* [Activity]: Locate, in the data below, the line that contains "321 Tindolph Avenue" and the line that contains "6302 N Delbert Ave, Fresno, CA 93722"; reproduce exactly those two lines and every line between them, nothing more.

* [Data excerpts]:
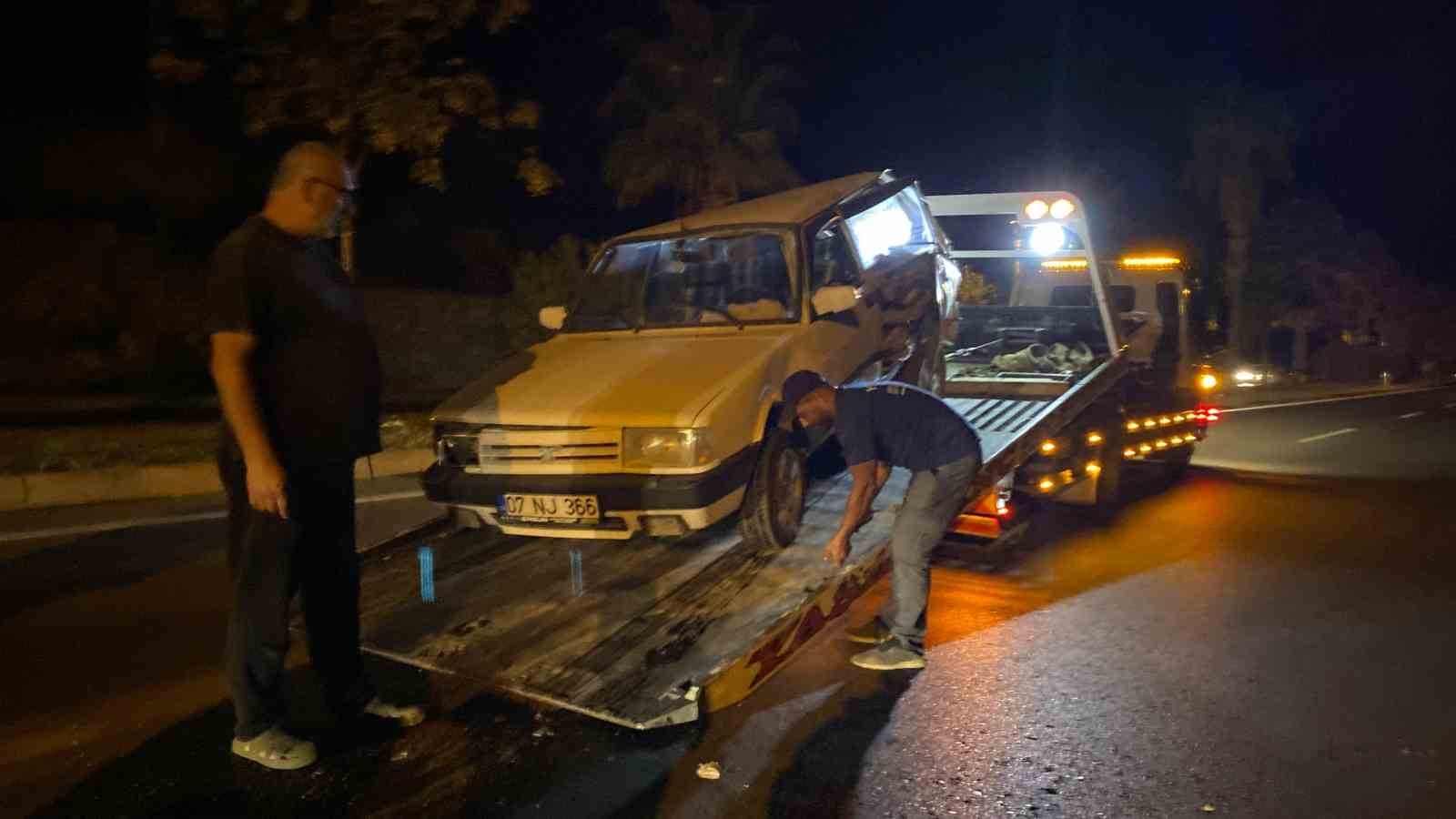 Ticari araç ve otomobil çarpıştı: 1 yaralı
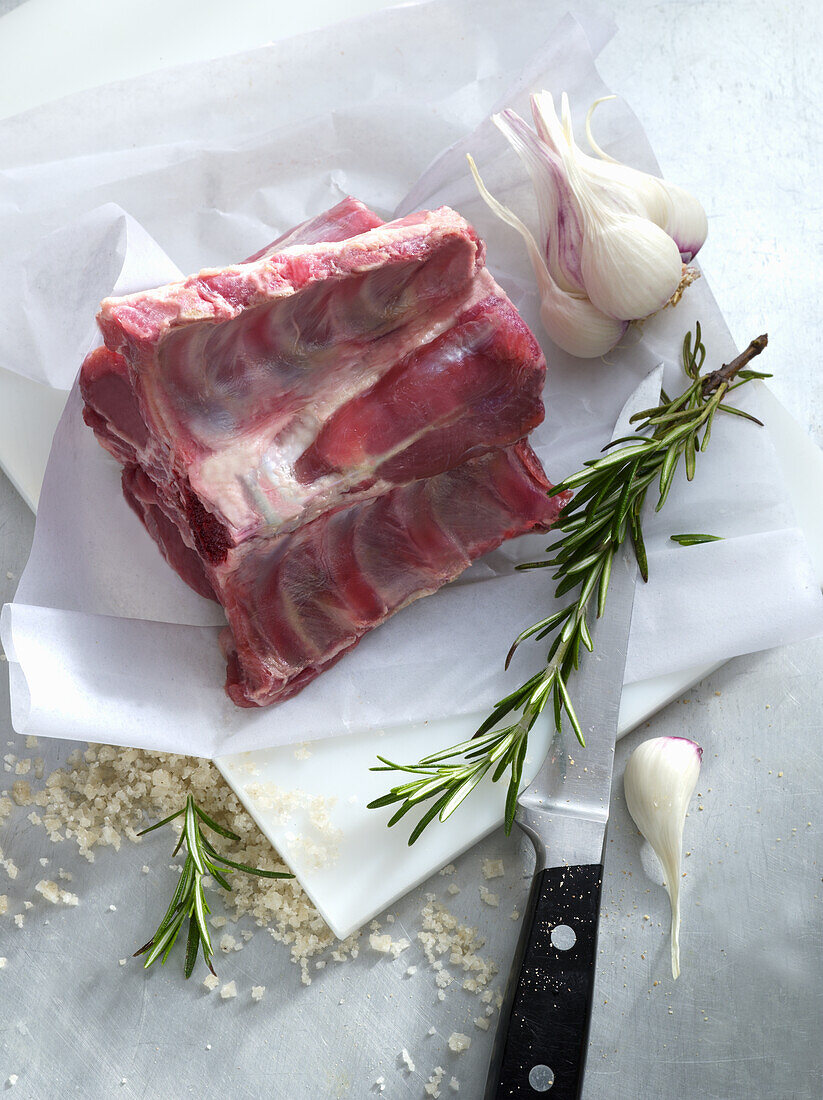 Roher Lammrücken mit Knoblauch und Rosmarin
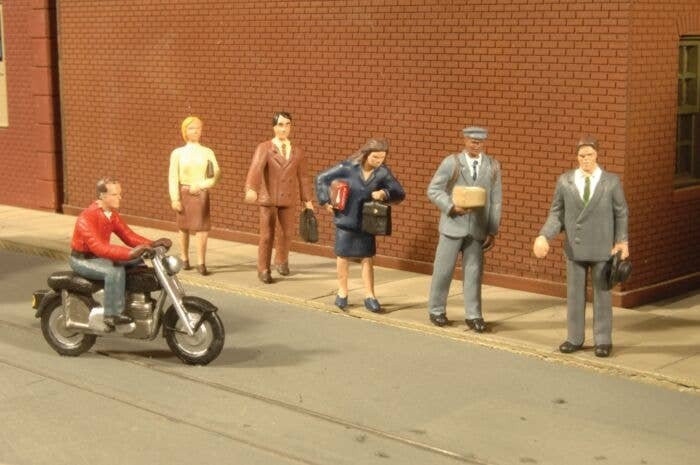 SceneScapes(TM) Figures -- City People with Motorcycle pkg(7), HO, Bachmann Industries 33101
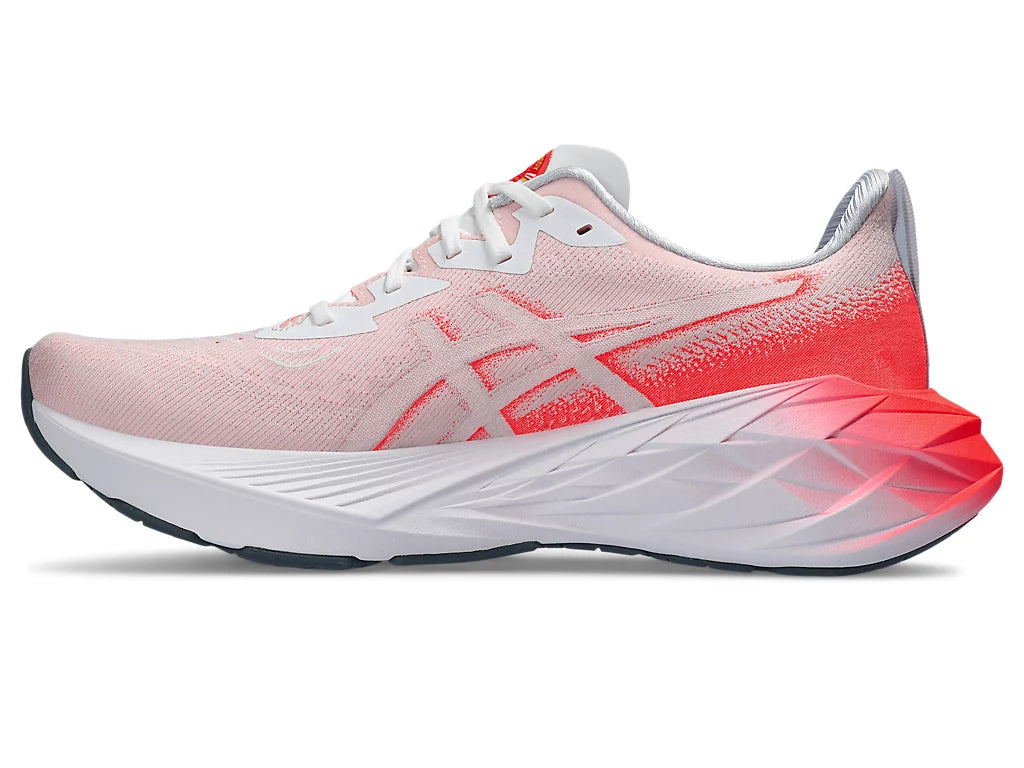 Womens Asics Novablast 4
==
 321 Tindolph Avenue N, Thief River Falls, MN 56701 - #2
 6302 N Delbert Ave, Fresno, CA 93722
...
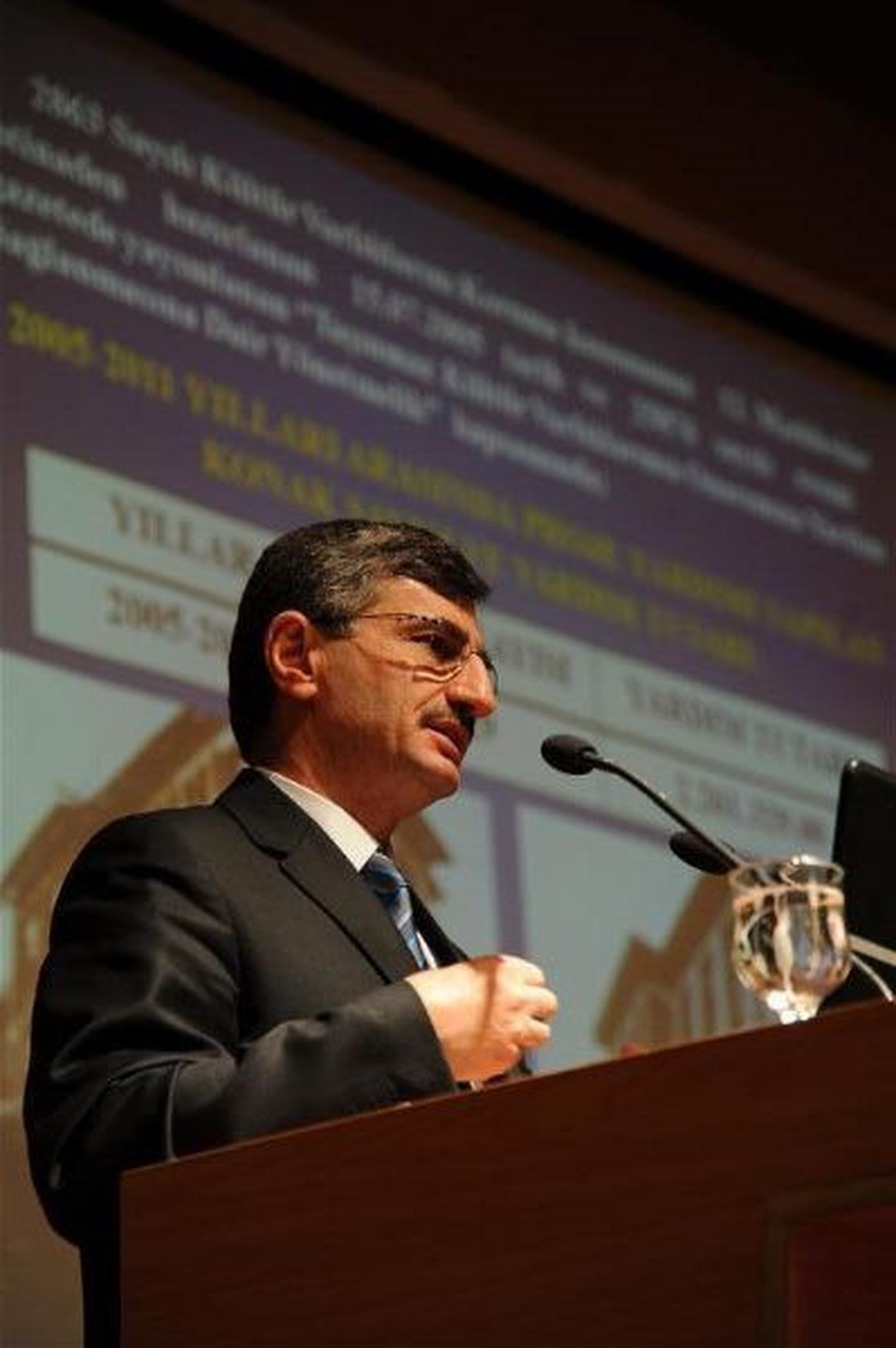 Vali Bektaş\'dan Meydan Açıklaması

* [Finished task]:
 321 Tindolph Avenue N, Thief River Falls, MN 56701 - #2
 6302 N Delbert Ave, Fresno, CA 93722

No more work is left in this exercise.